### Task to complete
Please give the data again in full, exactly as provided.

··· Exercise data ···

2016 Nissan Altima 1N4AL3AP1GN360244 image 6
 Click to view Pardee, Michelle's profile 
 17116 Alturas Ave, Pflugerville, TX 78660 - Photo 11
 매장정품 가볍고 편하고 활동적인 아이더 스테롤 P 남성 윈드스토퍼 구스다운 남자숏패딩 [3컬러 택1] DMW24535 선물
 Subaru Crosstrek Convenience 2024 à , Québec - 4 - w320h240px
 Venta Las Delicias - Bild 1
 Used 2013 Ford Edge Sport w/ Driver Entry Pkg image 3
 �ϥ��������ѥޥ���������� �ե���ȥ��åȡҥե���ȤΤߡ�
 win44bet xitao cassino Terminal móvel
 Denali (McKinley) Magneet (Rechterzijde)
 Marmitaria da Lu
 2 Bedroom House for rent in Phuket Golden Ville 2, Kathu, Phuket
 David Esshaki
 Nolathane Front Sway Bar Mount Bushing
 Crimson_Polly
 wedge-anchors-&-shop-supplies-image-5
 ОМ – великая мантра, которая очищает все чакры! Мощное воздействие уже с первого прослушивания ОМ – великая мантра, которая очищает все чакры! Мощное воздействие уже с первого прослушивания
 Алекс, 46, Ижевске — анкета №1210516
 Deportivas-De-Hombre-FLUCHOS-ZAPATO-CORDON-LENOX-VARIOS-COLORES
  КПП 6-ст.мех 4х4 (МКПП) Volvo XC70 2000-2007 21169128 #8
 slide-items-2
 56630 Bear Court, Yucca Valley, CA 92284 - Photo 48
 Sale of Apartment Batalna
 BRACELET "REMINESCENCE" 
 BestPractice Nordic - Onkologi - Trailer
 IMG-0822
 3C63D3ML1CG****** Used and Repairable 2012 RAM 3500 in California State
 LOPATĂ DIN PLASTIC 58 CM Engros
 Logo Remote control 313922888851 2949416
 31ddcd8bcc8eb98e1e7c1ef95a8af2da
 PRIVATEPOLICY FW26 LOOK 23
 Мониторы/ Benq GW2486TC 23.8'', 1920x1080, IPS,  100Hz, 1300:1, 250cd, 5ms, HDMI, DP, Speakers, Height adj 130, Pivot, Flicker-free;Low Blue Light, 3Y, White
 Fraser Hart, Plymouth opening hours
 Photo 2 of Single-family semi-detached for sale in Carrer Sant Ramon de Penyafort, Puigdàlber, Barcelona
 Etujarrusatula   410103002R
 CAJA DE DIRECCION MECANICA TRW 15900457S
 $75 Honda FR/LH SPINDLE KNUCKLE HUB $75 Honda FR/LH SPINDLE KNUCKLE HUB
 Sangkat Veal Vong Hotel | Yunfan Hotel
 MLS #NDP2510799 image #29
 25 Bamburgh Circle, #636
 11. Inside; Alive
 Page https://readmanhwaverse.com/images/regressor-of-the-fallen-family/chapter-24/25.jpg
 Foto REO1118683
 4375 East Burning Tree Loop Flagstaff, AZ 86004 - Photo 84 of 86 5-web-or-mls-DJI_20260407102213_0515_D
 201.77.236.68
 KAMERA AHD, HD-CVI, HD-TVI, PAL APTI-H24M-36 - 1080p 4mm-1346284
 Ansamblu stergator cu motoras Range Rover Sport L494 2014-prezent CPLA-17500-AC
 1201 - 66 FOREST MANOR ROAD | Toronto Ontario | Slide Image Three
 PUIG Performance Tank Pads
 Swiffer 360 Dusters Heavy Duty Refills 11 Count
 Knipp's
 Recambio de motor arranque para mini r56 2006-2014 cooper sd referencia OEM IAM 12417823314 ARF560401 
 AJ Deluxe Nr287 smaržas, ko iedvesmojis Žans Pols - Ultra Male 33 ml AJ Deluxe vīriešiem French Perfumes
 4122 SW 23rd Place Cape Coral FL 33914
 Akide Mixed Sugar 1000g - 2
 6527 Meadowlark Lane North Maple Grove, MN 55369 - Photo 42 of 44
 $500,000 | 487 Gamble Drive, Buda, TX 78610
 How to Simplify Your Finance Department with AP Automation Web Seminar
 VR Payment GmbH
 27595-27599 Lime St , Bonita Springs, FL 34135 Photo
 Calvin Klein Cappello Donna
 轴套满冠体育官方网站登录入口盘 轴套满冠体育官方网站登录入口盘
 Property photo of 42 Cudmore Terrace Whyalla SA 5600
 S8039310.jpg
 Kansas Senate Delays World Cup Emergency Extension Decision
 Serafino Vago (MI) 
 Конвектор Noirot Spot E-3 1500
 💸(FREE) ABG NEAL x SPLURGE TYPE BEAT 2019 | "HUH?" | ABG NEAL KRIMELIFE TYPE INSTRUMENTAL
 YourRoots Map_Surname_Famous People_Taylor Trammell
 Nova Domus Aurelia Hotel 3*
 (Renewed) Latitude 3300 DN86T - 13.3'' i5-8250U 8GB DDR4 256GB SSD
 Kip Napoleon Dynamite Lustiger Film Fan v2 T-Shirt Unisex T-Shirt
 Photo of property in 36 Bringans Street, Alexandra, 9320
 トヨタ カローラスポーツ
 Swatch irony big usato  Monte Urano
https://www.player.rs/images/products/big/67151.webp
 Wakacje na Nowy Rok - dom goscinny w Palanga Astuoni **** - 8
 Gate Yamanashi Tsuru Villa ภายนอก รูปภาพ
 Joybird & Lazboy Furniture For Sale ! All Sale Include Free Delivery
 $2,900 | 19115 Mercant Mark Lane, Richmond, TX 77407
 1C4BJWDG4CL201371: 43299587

···

### Answer
2016 Nissan Altima 1N4AL3AP1GN360244 image 6
 Click to view Pardee, Michelle's profile 
 17116 Alturas Ave, Pflugerville, TX 78660 - Photo 11
 매장정품 가볍고 편하고 활동적인 아이더 스테롤 P 남성 윈드스토퍼 구스다운 남자숏패딩 [3컬러 택1] DMW24535 선물
 Subaru Crosstrek Convenience 2024 à , Québec - 4 - w320h240px
 Venta Las Delicias - Bild 1
 Used 2013 Ford Edge Sport w/ Driver Entry Pkg image 3
 �ϥ��������ѥޥ���������� �ե���ȥ��åȡҥե���ȤΤߡ�
 win44bet xitao cassino Terminal móvel
 Denali (McKinley) Magneet (Rechterzijde)
 Marmitaria da Lu
 2 Bedroom House for rent in Phuket Golden Ville 2, Kathu, Phuket
 David Esshaki
 Nolathane Front Sway Bar Mount Bushing
 Crimson_Polly
 wedge-anchors-&-shop-supplies-image-5
 ОМ – великая мантра, которая очищает все чакры! Мощное воздействие уже с первого прослушивания ОМ – великая мантра, которая очищает все чакры! Мощное воздействие уже с первого прослушивания
 Алекс, 46, Ижевске — анкета №1210516
 Deportivas-De-Hombre-FLUCHOS-ZAPATO-CORDON-LENOX-VARIOS-COLORES
  КПП 6-ст.мех 4х4 (МКПП) Volvo XC70 2000-2007 21169128 #8
 slide-items-2
 56630 Bear Court, Yucca Valley, CA 92284 - Photo 48
 Sale of Apartment Batalna
 BRACELET "REMINESCENCE" 
 BestPractice Nordic - Onkologi - Trailer
 IMG-0822
 3C63D3ML1CG****** Used and Repairable 2012 RAM 3500 in California State
 LOPATĂ DIN PLASTIC 58 CM Engros
 Logo Remote control 313922888851 2949416
 31ddcd8bcc8eb98e1e7c1ef95a8af2da
 PRIVATEPOLICY FW26 LOOK 23
 Мониторы/ Benq GW2486TC 23.8'', 1920x1080, IPS,  100Hz, 1300:1, 250cd, 5ms, HDMI, DP, Speakers, Height adj 130, Pivot, Flicker-free;Low Blue Light, 3Y, White
 Fraser Hart, Plymouth opening hours
 Photo 2 of Single-family semi-detached for sale in Carrer Sant Ramon de Penyafort, Puigdàlber, Barcelona
 Etujarrusatula   410103002R
 CAJA DE DIRECCION MECANICA TRW 15900457S
 $75 Honda FR/LH SPINDLE KNUCKLE HUB $75 Honda FR/LH SPINDLE KNUCKLE HUB
 Sangkat Veal Vong Hotel | Yunfan Hotel
 MLS #NDP2510799 image #29
 25 Bamburgh Circle, #636
 11. Inside; Alive
 Page https://readmanhwaverse.com/images/regressor-of-the-fallen-family/chapter-24/25.jpg
 Foto REO1118683
 4375 East Burning Tree Loop Flagstaff, AZ 86004 - Photo 84 of 86 5-web-or-mls-DJI_20260407102213_0515_D
 201.77.236.68
 KAMERA AHD, HD-CVI, HD-TVI, PAL APTI-H24M-36 - 1080p 4mm-1346284
 Ansamblu stergator cu motoras Range Rover Sport L494 2014-prezent CPLA-17500-AC
 1201 - 66 FOREST MANOR ROAD | Toronto Ontario | Slide Image Three
 PUIG Performance Tank Pads
 Swiffer 360 Dusters Heavy Duty Refills 11 Count
 Knipp's
 Recambio de motor arranque para mini r56 2006-2014 cooper sd referencia OEM IAM 12417823314 ARF560401 
 AJ Deluxe Nr287 smaržas, ko iedvesmojis Žans Pols - Ultra Male 33 ml AJ Deluxe vīriešiem French Perfumes
 4122 SW 23rd Place Cape Coral FL 33914
 Akide Mixed Sugar 1000g - 2
 6527 Meadowlark Lane North Maple Grove, MN 55369 - Photo 42 of 44
 $500,000 | 487 Gamble Drive, Buda, TX 78610
 How to Simplify Your Finance Department with AP Automation Web Seminar
 VR Payment GmbH
 27595-27599 Lime St , Bonita Springs, FL 34135 Photo
 Calvin Klein Cappello Donna
 轴套满冠体育官方网站登录入口盘 轴套满冠体育官方网站登录入口盘
 Property photo of 42 Cudmore Terrace Whyalla SA 5600
 S8039310.jpg
 Kansas Senate Delays World Cup Emergency Extension Decision
 Serafino Vago (MI) 
 Конвектор Noirot Spot E-3 1500
 💸(FREE) ABG NEAL x SPLURGE TYPE BEAT 2019 | "HUH?" | ABG NEAL KRIMELIFE TYPE INSTRUMENTAL
 YourRoots Map_Surname_Famous People_Taylor Trammell
 Nova Domus Aurelia Hotel 3*
 (Renewed) Latitude 3300 DN86T - 13.3'' i5-8250U 8GB DDR4 256GB SSD
 Kip Napoleon Dynamite Lustiger Film Fan v2 T-Shirt Unisex T-Shirt
 Photo of property in 36 Bringans Street, Alexandra, 9320
 トヨタ カローラスポーツ
 Swatch irony big usato  Monte Urano
https://www.player.rs/images/products/big/67151.webp
 Wakacje na Nowy Rok - dom goscinny w Palanga Astuoni **** - 8
 Gate Yamanashi Tsuru Villa ภายนอก รูปภาพ
 Joybird & Lazboy Furniture For Sale ! All Sale Include Free Delivery
 $2,900 | 19115 Mercant Mark Lane, Richmond, TX 77407
 1C4BJWDG4CL201371: 43299587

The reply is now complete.